[Opening Extracted data section]

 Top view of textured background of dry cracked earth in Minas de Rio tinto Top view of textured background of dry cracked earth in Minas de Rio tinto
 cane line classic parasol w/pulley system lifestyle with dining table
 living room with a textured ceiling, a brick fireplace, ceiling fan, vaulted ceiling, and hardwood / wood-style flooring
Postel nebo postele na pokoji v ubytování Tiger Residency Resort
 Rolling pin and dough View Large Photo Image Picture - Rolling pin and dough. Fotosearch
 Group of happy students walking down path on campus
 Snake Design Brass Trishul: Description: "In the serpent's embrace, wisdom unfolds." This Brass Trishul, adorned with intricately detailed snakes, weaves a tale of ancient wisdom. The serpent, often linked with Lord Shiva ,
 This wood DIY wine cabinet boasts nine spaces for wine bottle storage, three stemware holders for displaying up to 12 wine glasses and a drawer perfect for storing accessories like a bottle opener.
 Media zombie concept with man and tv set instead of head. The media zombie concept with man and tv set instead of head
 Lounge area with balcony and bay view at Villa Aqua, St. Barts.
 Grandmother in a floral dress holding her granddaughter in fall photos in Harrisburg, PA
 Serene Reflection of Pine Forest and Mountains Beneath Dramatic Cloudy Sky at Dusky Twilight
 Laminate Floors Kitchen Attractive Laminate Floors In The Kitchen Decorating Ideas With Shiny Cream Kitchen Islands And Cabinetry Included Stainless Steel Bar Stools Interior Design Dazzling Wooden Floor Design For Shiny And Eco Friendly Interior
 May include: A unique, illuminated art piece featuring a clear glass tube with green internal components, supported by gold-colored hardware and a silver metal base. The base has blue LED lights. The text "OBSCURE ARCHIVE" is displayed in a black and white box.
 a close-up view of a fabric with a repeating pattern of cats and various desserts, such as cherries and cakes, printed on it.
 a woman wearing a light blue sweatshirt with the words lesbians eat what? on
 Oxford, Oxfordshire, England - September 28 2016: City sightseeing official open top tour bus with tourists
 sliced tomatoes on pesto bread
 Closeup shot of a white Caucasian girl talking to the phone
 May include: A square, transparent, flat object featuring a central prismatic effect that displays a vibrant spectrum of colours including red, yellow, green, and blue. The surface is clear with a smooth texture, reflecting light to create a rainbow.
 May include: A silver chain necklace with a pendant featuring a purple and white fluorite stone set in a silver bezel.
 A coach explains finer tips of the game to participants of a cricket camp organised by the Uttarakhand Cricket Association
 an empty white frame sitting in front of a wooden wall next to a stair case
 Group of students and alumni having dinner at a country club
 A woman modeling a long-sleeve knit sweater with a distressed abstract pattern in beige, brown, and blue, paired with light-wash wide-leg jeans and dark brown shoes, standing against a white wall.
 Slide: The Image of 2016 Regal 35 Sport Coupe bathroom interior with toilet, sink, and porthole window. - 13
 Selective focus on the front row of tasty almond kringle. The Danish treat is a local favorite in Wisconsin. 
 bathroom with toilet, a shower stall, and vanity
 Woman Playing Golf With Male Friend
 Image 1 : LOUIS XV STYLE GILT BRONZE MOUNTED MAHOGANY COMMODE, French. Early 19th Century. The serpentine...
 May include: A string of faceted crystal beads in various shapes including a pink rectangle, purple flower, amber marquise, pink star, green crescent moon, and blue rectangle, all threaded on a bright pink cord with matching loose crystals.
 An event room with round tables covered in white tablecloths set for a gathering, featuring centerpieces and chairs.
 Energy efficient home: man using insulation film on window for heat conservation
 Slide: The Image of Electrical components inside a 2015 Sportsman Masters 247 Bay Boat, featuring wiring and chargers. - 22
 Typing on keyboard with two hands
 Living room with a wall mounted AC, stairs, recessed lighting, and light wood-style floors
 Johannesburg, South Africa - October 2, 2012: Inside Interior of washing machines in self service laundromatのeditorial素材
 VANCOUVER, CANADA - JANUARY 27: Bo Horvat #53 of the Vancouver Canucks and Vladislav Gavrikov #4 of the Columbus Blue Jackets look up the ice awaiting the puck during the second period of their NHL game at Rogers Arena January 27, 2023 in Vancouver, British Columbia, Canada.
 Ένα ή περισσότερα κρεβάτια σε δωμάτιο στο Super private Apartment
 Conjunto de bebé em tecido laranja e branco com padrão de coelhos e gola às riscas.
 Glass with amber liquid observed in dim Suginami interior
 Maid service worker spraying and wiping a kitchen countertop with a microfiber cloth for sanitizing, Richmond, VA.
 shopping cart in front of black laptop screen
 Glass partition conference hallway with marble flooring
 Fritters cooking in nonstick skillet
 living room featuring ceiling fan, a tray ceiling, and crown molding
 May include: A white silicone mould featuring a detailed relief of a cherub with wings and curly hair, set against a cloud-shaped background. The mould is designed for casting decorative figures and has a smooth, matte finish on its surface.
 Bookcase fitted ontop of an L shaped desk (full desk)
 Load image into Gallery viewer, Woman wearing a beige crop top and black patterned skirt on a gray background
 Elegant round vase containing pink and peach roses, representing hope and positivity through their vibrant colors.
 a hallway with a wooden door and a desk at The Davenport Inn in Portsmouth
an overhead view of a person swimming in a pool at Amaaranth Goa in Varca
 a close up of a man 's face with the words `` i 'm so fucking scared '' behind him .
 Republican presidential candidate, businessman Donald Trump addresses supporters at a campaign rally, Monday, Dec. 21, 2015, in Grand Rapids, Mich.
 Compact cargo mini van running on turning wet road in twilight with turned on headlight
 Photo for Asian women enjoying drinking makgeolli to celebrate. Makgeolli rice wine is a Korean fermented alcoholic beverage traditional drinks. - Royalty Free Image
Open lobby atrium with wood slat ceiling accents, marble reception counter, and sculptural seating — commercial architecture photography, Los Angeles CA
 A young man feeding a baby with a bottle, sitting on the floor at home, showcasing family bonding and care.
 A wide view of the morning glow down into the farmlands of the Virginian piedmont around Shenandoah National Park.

[Closing Extracted data section]

## [Directions for this task]
Would you quote everything above from the line containing "Slide: The Image of 2016" down to the line containing "Energy efficient home: man"? Include both of those lines and nothing else.

## [Exercise output]
 Slide: The Image of 2016 Regal 35 Sport Coupe bathroom interior with toilet, sink, and porthole window. - 13
 Selective focus on the front row of tasty almond kringle. The Danish treat is a local favorite in Wisconsin. 
 bathroom with toilet, a shower stall, and vanity
 Woman Playing Golf With Male Friend
 Image 1 : LOUIS XV STYLE GILT BRONZE MOUNTED MAHOGANY COMMODE, French. Early 19th Century. The serpentine...
 May include: A string of faceted crystal beads in various shapes including a pink rectangle, purple flower, amber marquise, pink star, green crescent moon, and blue rectangle, all threaded on a bright pink cord with matching loose crystals.
 An event room with round tables covered in white tablecloths set for a gathering, featuring centerpieces and chairs.
 Energy efficient home: man using insulation film on window for heat conservation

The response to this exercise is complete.